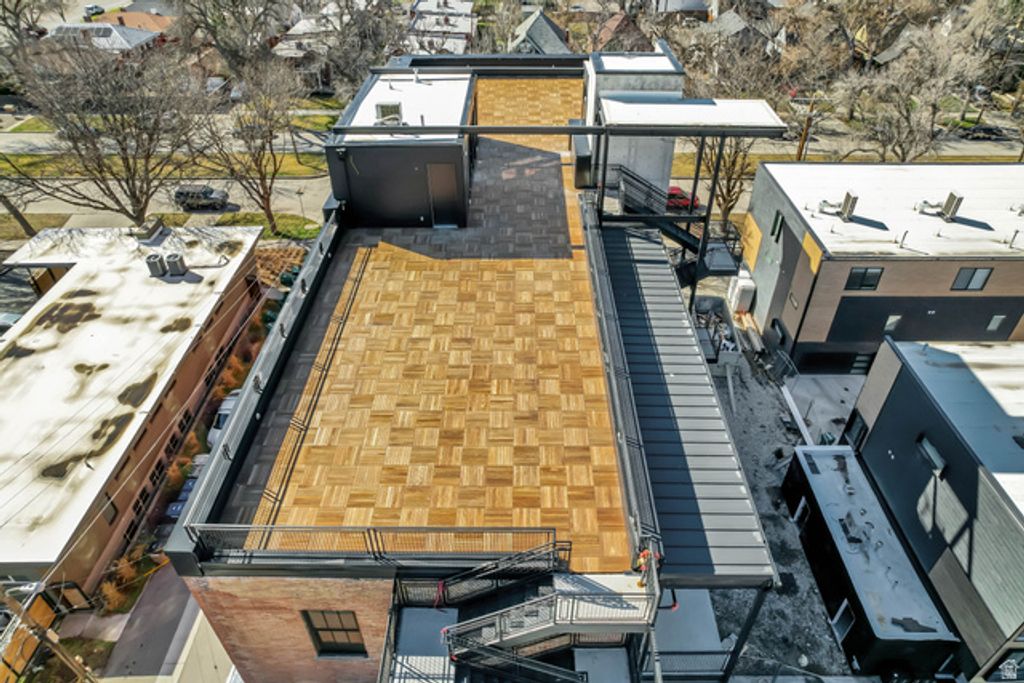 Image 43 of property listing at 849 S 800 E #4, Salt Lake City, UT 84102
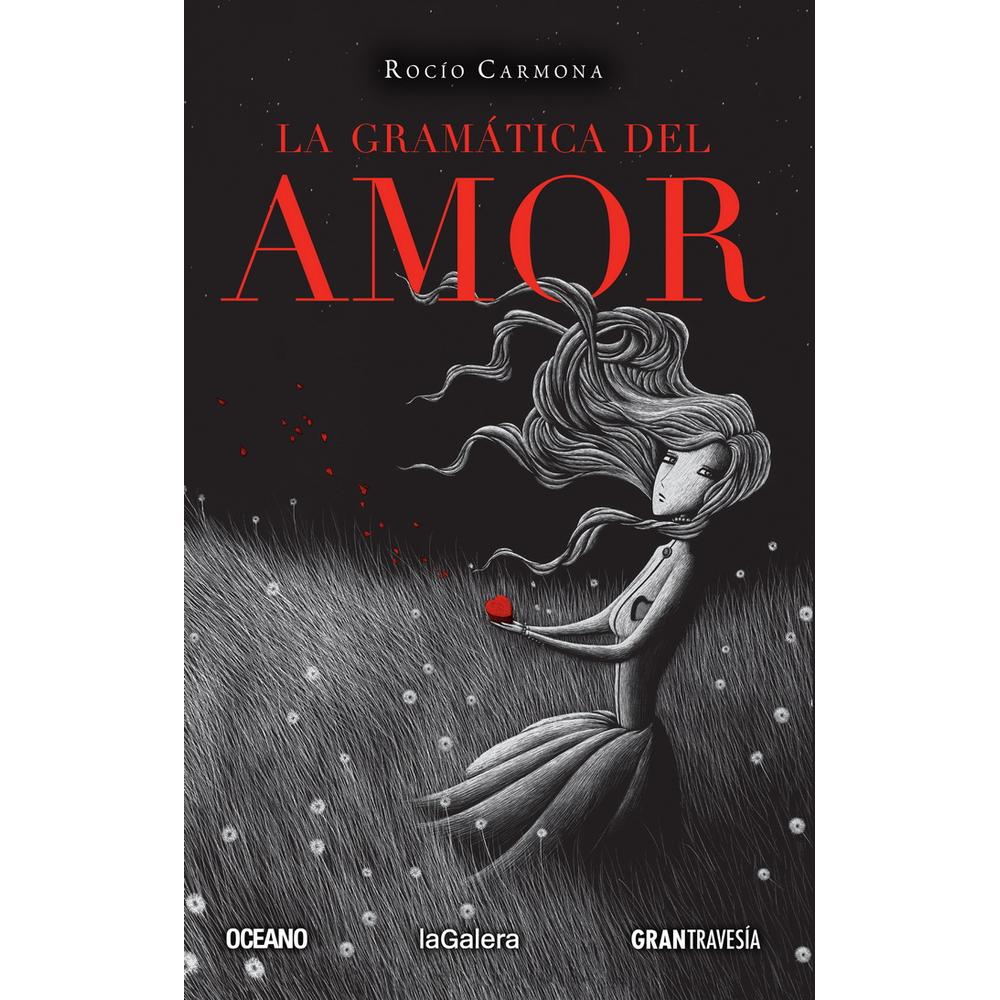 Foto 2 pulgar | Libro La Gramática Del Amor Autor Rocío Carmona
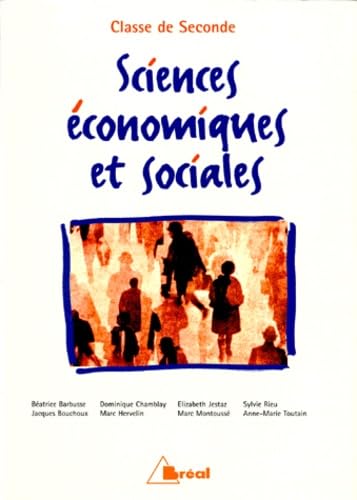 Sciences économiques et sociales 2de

*Your objective:*
Transcribe all of the lines above exactly as given. The pictures stay out.

*Solution to the problem:*
 Image 43 of property listing at 849 S 800 E #4, Salt Lake City, UT 84102
 Foto 2 pulgar | Libro La Gramática Del Amor Autor Rocío Carmona
 Sciences économiques et sociales 2de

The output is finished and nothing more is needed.